Circa 150 dei 675 migranti arrivati lunedì sulla nave Vega ad Augusta sono stati messi in isolamento nel porto Siracusano per casi sospetti di varicella e scabbia. Lo hanno disposto i medici a scopo precauzionale contro un possibile rischio di contagio. Lo si apprende da fonti operative sul posto.  Agli investigatori del Gruppo investigativo contrasto all’immigrazione clandestina (Gicic) della procura di Siracusa hanno detto di essere «rimasti per lungo tempo, alcuni mesi, chiusi in capannoni in Libia» con «pochi viveri», «trattati male» e di «avere pagato tra mille e duemila euro a persona». Il deperimento organico avrebbe favorito l’insorgere e la diffusione di varicella e scabbia.

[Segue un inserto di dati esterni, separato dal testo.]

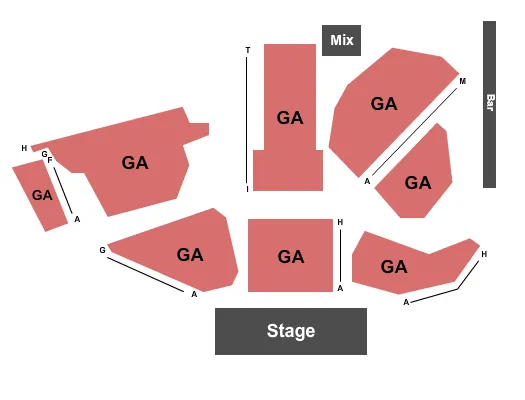 seating chart for The Railhead - Boulder Station Hotel Casino - General Admission - eventticketscenter.com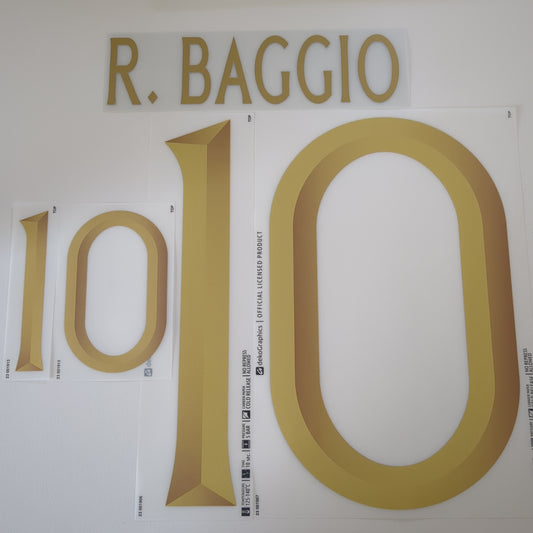 23-24 Italy 125th  #10 R.BAGGIO Name and Number set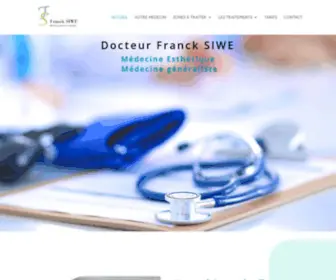 Franck-Siwe-Esthetique.fr(Docteur Franck SIWE Médecine esthétique à Bapaume Nord Pas) Screenshot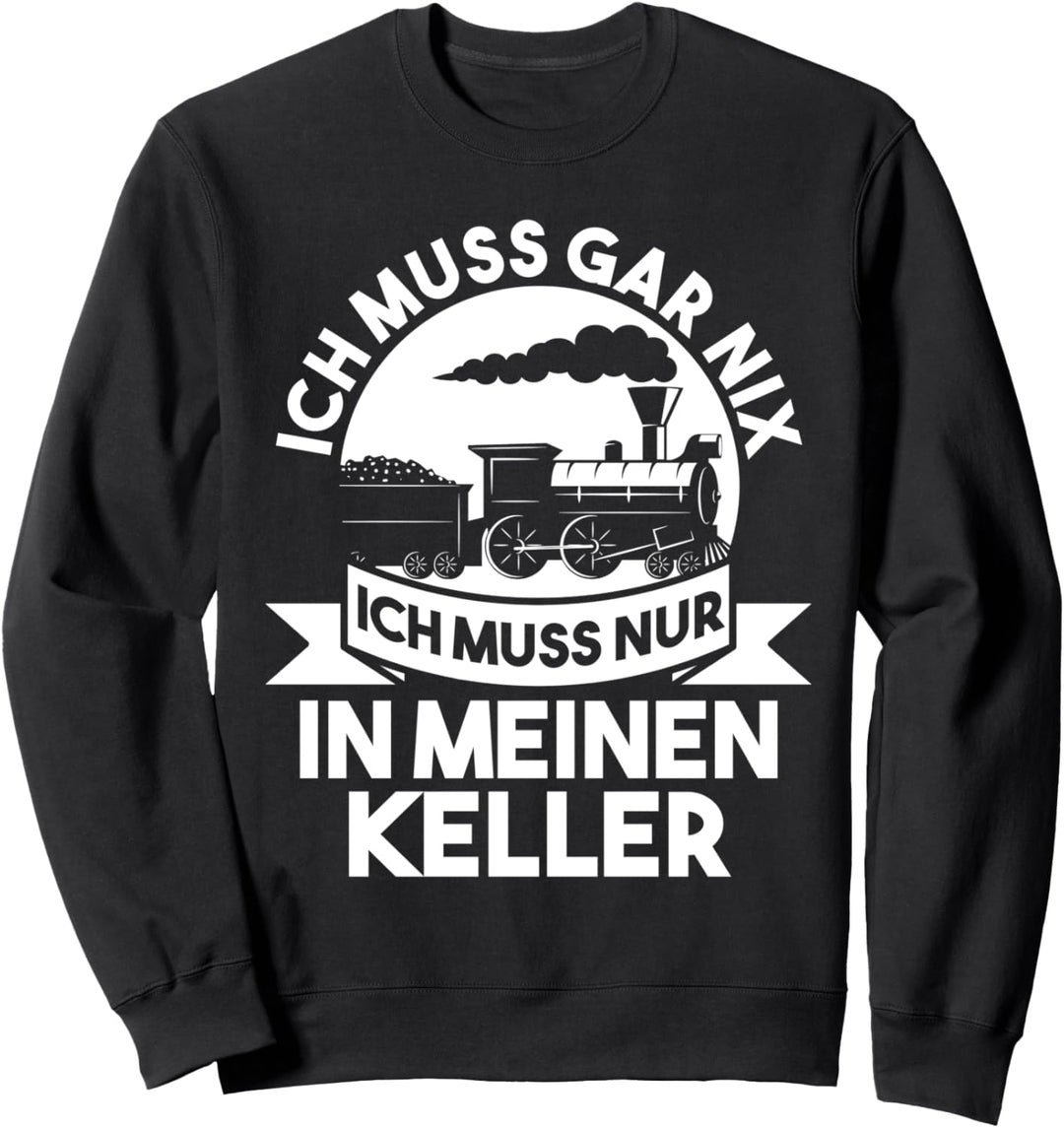 Modelleisenbahn Lokomotive Modellbau Sweatshirt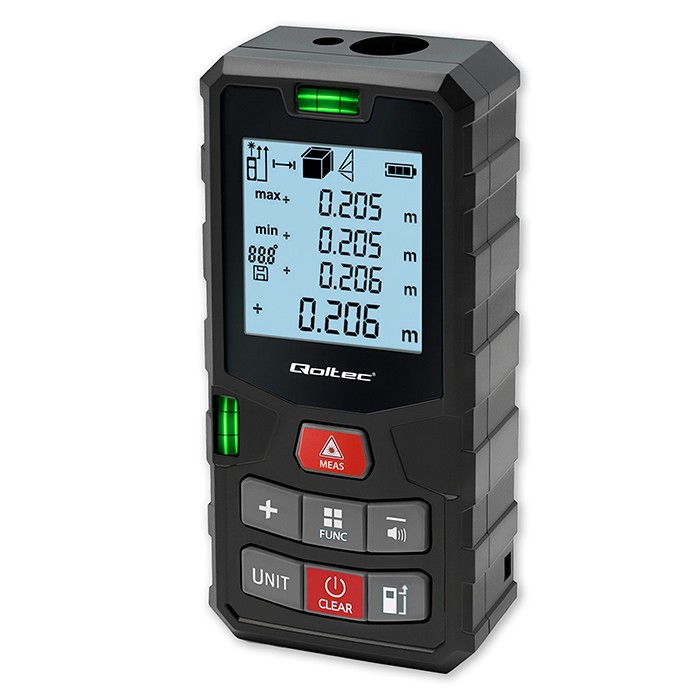 Qoltec Digitalni laserski daljinomjer 120m z LCD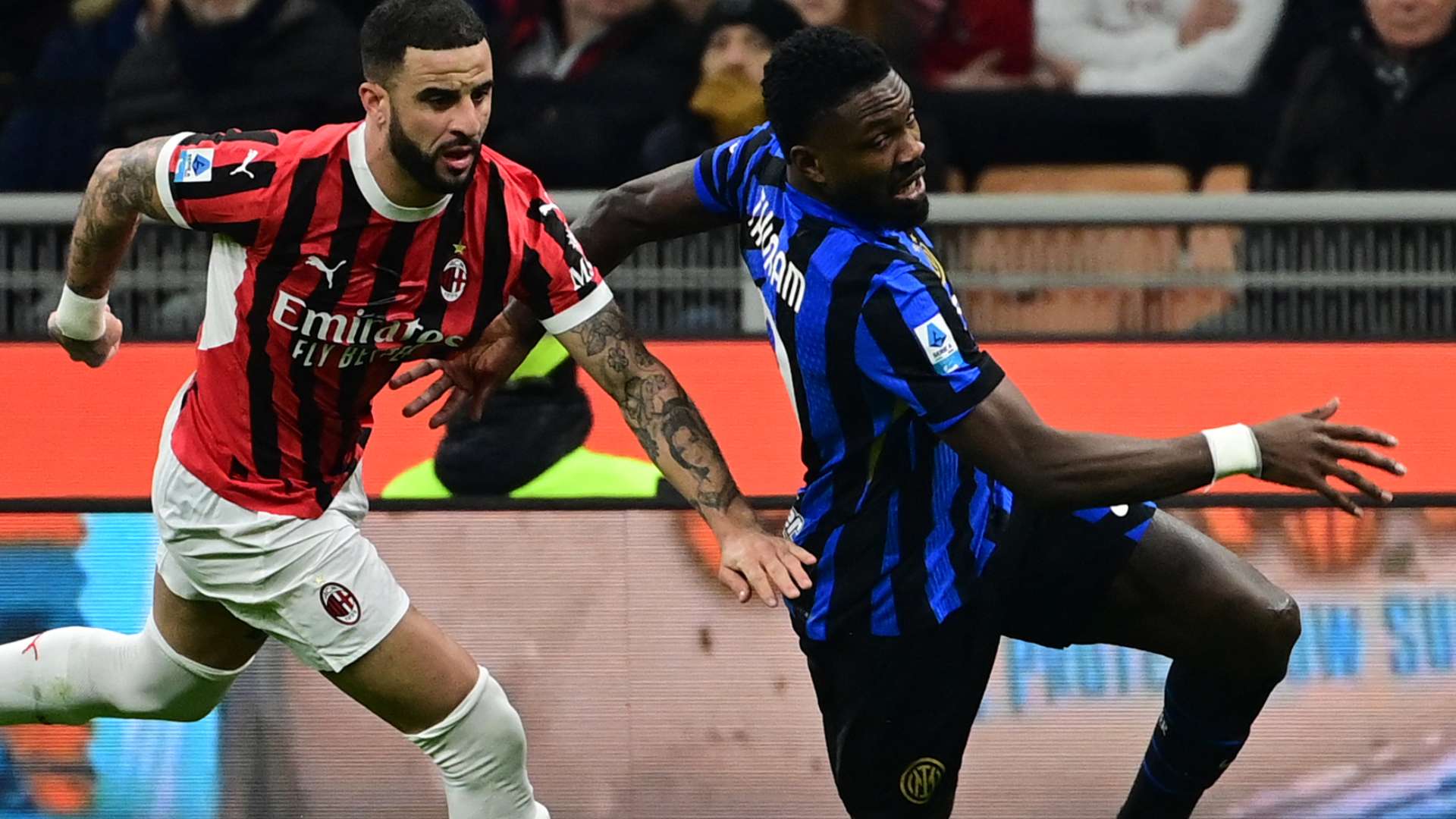 Milan Inter Walker Thuram Derby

Sbarchi a Crotone: 5 migranti ricoverati in ospedale

Gli sbarchi continuano incessantemente. Si sono concluse nel porto di Crotone le operazioni di sbarco dei migranti giunti a bordo di un rimorchiatore dopo essere stati trasbordati dalla petroliera panamense “Prince I” che li ha soccorsi nel Canale di Sicilia mentre si trovavano su due gommoni. Cinque persone sono state ricoverate in ospedale, tre per le ustioni provocate dallo scarico dei motori del gommone e due donne in stato di gravidanza. Dei 211 migranti (190 uomini e 21 donne delle quali quattro incinte), cento verranno portati a Bologna. I minori, 23 in tutto, sono stati affidati, invece, alla Croce rossa che li sistemerà provvisoriamente all’interno di una palestra cittadina, mentre il resto del gruppo è stato condotto nel Centro di accoglienza di Sant’Anna di Isola Capo Rizzuto (Crotone). All’arrivo in porto sono stati accolti dal dispositivo di accoglienza coordinato dalla prefettura di Crotone, visitati e rifocillati.